Intuition beyond differentiating the Norm of a Matrix Vector Product

65 Views Asked by At

There is very similar question, the problem is that I do not understand the answer:)

Suppose you have a function $\,\,\,f(x) = \frac{1}{2}\left\lVert Ax-b \right\rVert_2^2$, where $x \in R^n$. Gradient of the function $\nabla_xf(x)=A^T(Ax - b)$.

Could you please explain what is the intuition beyond calculating $\nabla_xf(x)$ result?

As I know $\nabla_xf(x)=\begin{bmatrix} \frac{df}{dx_1} \\ \frac{df}{dx_2} \\ ... \\ \frac{df}{dx_n} \end{bmatrix}$

So everything I can do with my math background is to suppose $x \in R^2$ and pass all necessary coordinates to the function: $$ f(x) = \frac{1}{2} \left\lVert \begin{bmatrix}i_x & j_x \\ i_y & j_y\end{bmatrix} \begin{bmatrix}x_1 \\ x_2\end{bmatrix} - \begin{bmatrix}b_1 \\ b_2\end{bmatrix} \right\rVert_2^2 = \\[1ex] \frac{1}{2} \left\lVert \begin{bmatrix} i_xx_1 + j_xx_2 - b_1 \\ i_yx_1 + j_yx_2-b_2 \end{bmatrix} \right\rVert_2^2 = \\[1ex] \frac{1}{2} \bigl((i_xx_1 + j_xx_2 - b_1)^2 + (i_yx_1 + j_yx_2-b_2)^2\bigr) $$ Then I multiple all the stuff and calculate partial derivatives of the function.
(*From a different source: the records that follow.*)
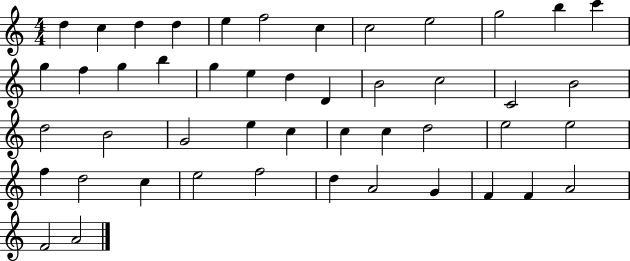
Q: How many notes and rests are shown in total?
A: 47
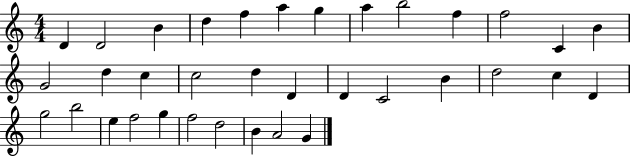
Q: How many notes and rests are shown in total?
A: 35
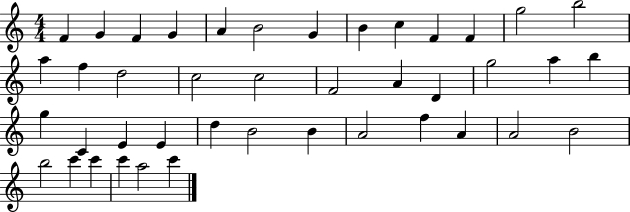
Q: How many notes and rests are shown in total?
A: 42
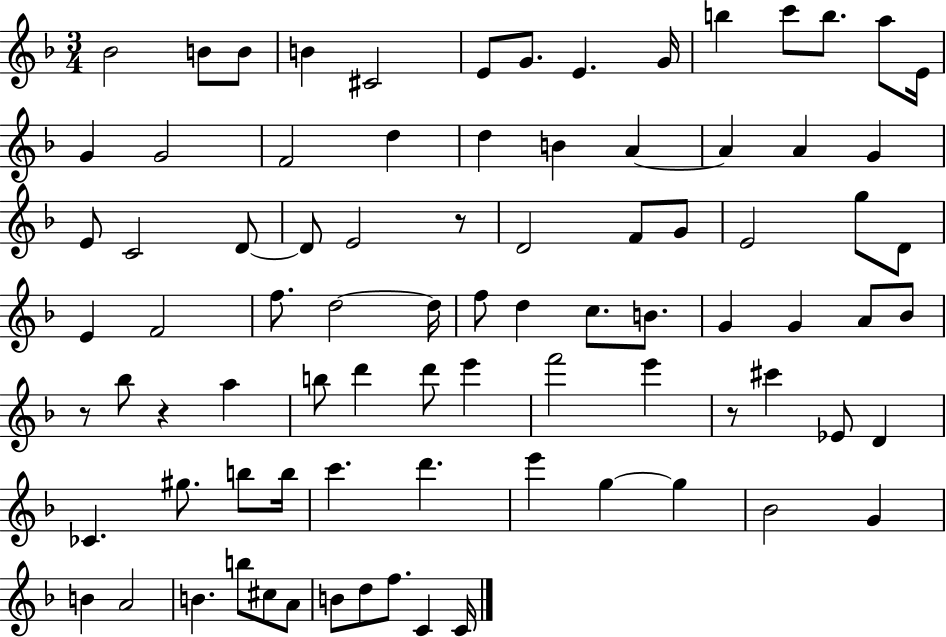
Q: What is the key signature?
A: F major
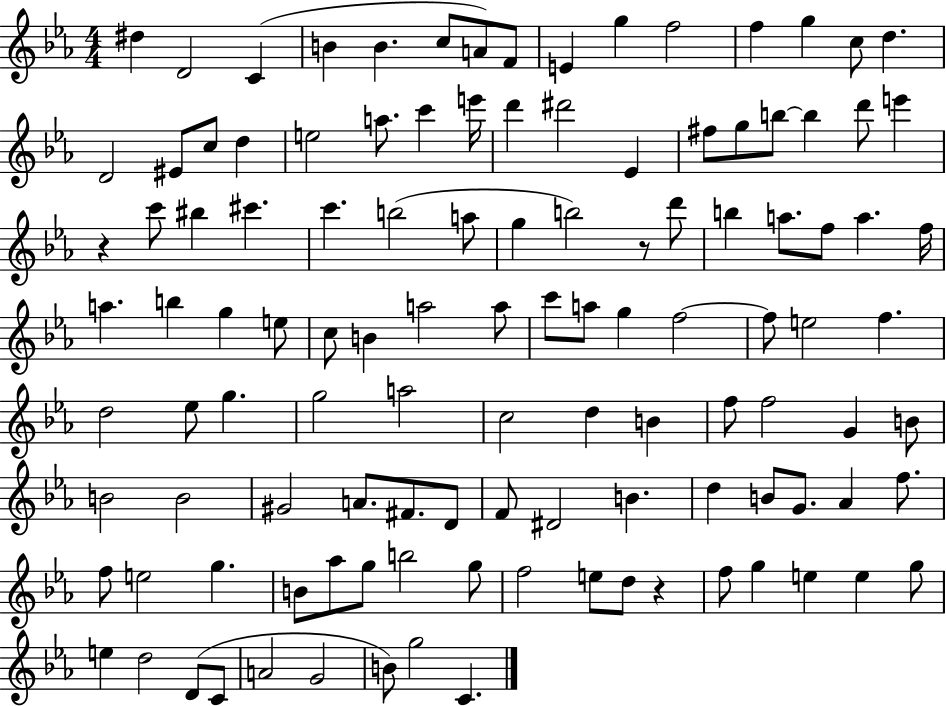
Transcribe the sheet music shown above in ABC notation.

X:1
T:Untitled
M:4/4
L:1/4
K:Eb
^d D2 C B B c/2 A/2 F/2 E g f2 f g c/2 d D2 ^E/2 c/2 d e2 a/2 c' e'/4 d' ^d'2 _E ^f/2 g/2 b/2 b d'/2 e' z c'/2 ^b ^c' c' b2 a/2 g b2 z/2 d'/2 b a/2 f/2 a f/4 a b g e/2 c/2 B a2 a/2 c'/2 a/2 g f2 f/2 e2 f d2 _e/2 g g2 a2 c2 d B f/2 f2 G B/2 B2 B2 ^G2 A/2 ^F/2 D/2 F/2 ^D2 B d B/2 G/2 _A f/2 f/2 e2 g B/2 _a/2 g/2 b2 g/2 f2 e/2 d/2 z f/2 g e e g/2 e d2 D/2 C/2 A2 G2 B/2 g2 C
It's clear from my results that $\nabla_xf(x)=A^T(Ax - b)$ but my method takes up to 15 minutes. Is there any intuition to avoid calculating all the stuff?

1

There are 1 best solutions below

0
On

To catch the intuition beyond the way that gradient of the function $\,f(v) = \left\lVert Av-b \right\rVert_2^2$ is calculated, let look what the function represents graphicaly at $R^2$ space:

At the graph below, we have vectors v and b that represent respective vectors at the formulla $f(v)$. Vector Av represent transformation of v with the matrix A.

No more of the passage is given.